* Stored data:

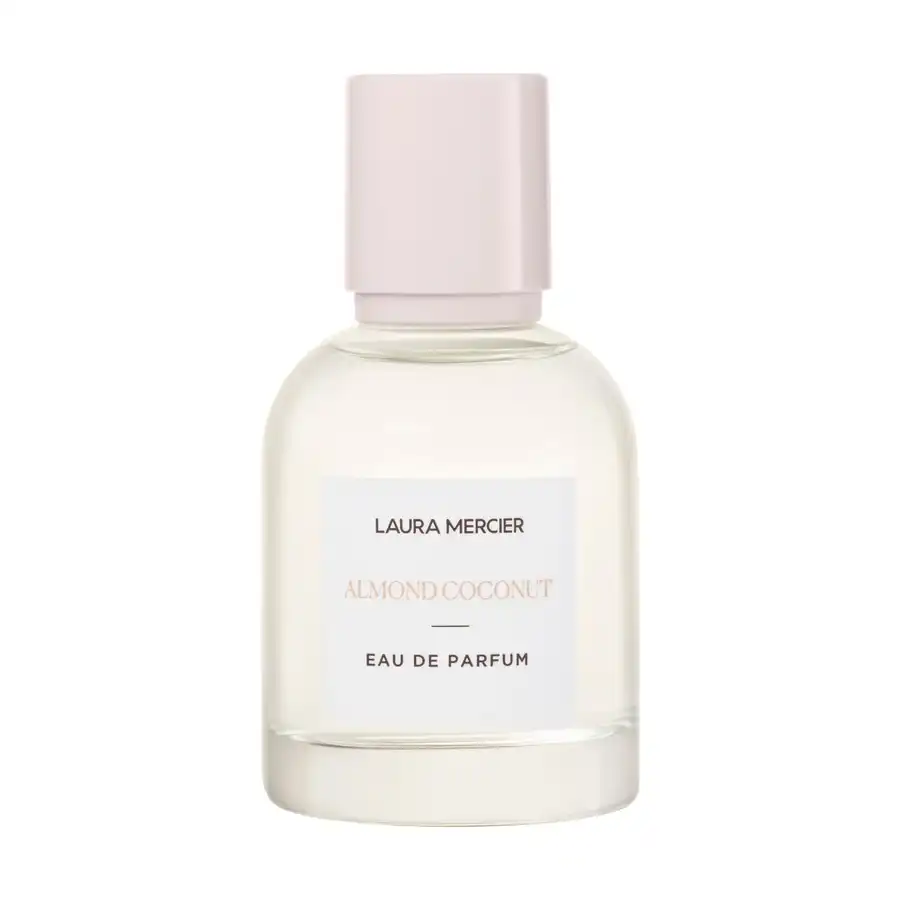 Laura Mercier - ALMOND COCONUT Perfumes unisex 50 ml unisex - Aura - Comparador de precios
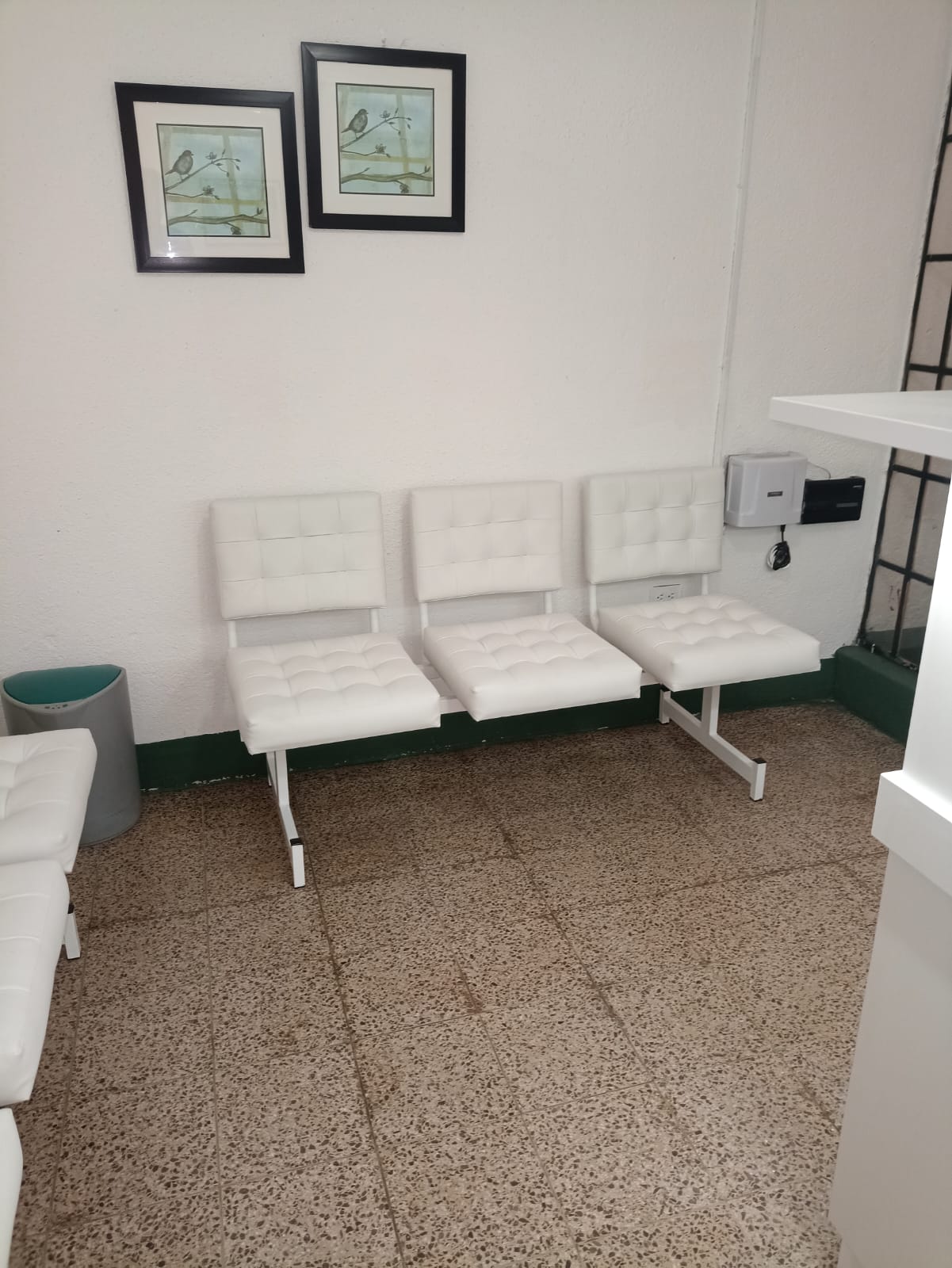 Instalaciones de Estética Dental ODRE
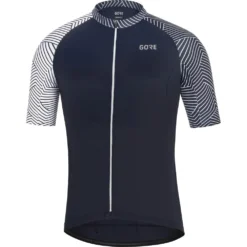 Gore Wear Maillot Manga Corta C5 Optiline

* What is needed: Reproduce the listing exactly, images omitted.

* Solution to this problem:
 Laura Mercier - ALMOND COCONUT Perfumes unisex 50 ml unisex - Aura - Comparador de precios
 Instalaciones de Estética Dental ODRE
 Gore Wear Maillot Manga Corta C5 Optiline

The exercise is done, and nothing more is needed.